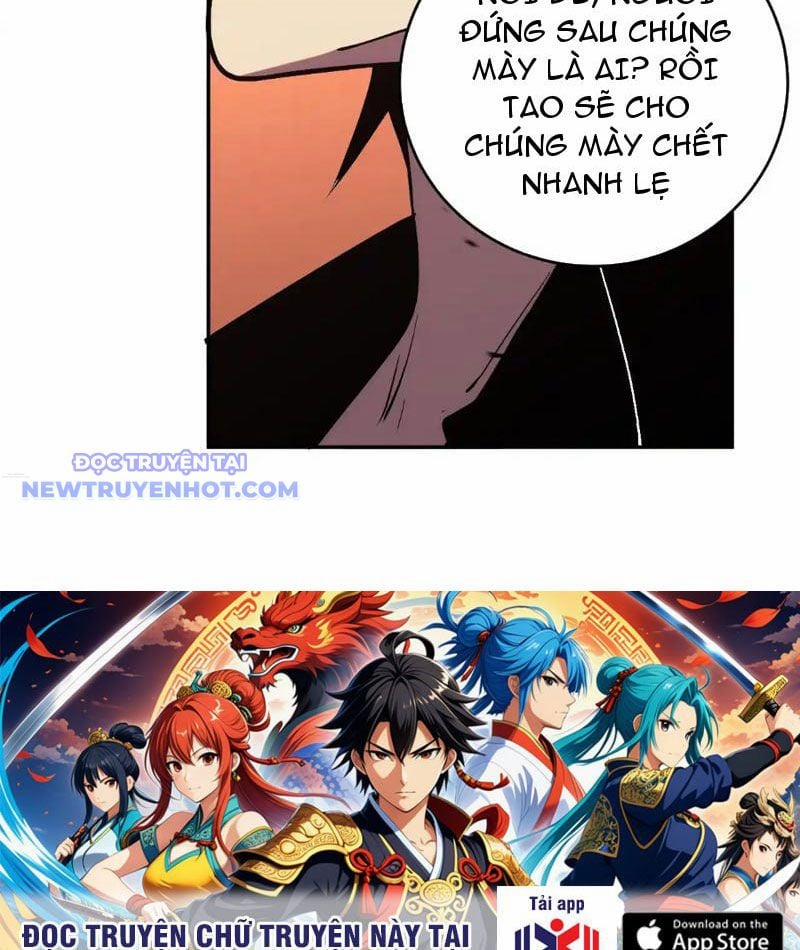 Ta Hoá Thân Ma Thần, Trở Thành Diệt Thế Cự Thú! 14 trang 90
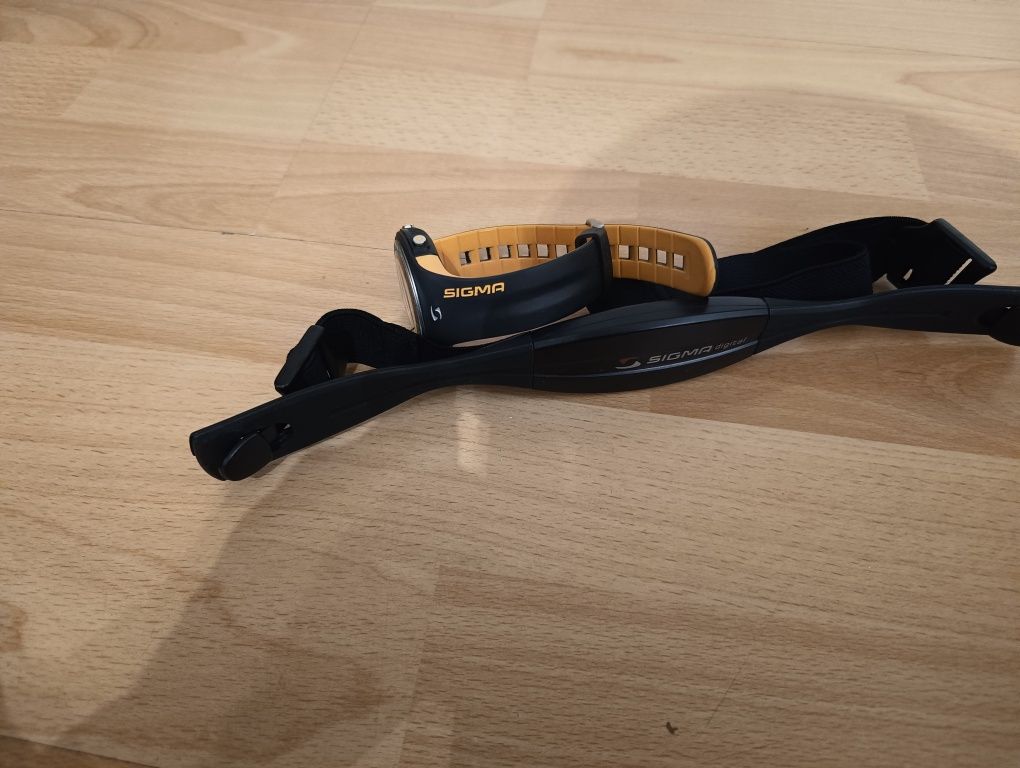 Zegarek  Onyx Sigma Pro plus opaska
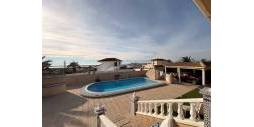 Second hand - Independent villa - Ciudad Quesada - Rojales - Ciudad Quesada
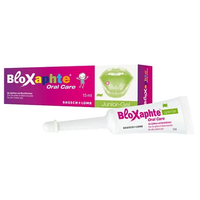 Bloxaphte Oral Care Junior-Gel null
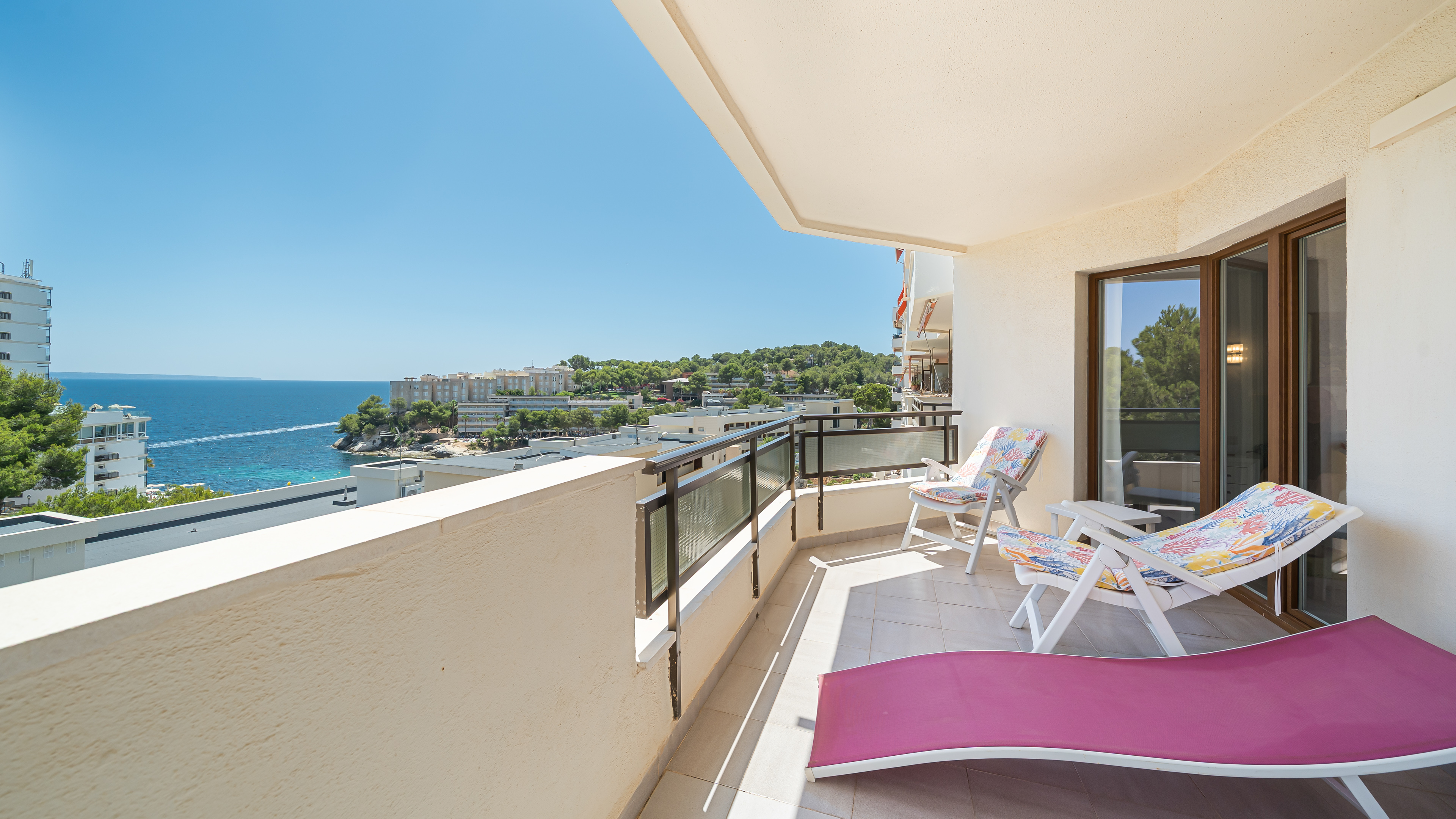 View property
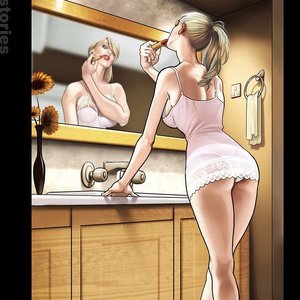 Lessons From The Neighbor - Issue 4 image 002
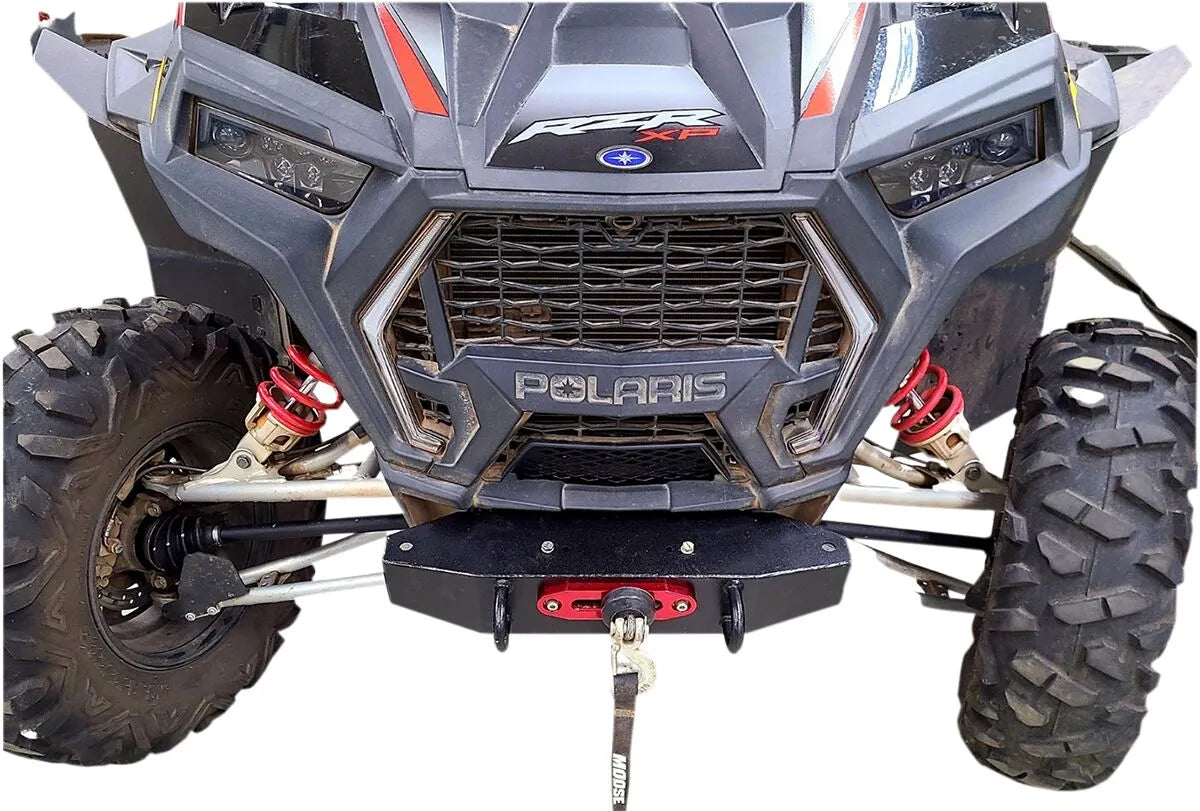 RIVCO PRODUCTS Winch Mount RZR 1000 - PE45050826 bild 1 PMIMAGE:69500834A26E8C08D69F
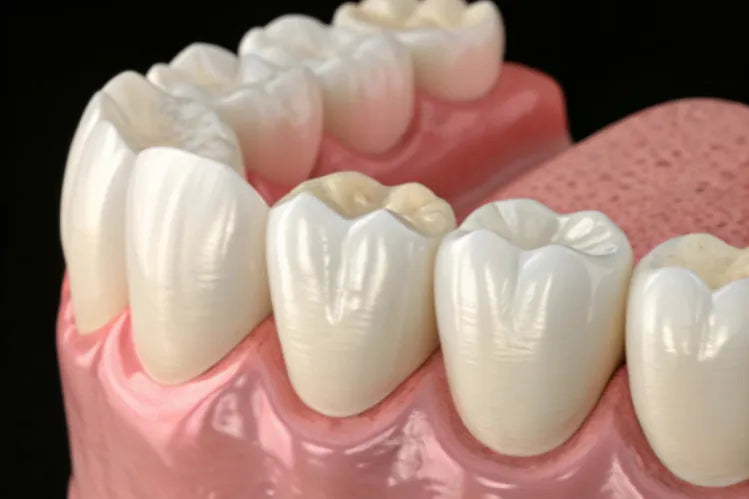 Crown Lengthening: Procedure, Benefits & Costs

☆ ☆ ☆

● **Task item**: The lines from the one holding "View property" through the end of the material above are to be echoed exactly, both ends included. Do not include pictures.

● **Your solution**:
 View property
 Lessons From The Neighbor - Issue 4 image 002
 RIVCO PRODUCTS Winch Mount RZR 1000 - PE45050826 bild 1 PMIMAGE:69500834A26E8C08D69F
 Crown Lengthening: Procedure, Benefits & Costs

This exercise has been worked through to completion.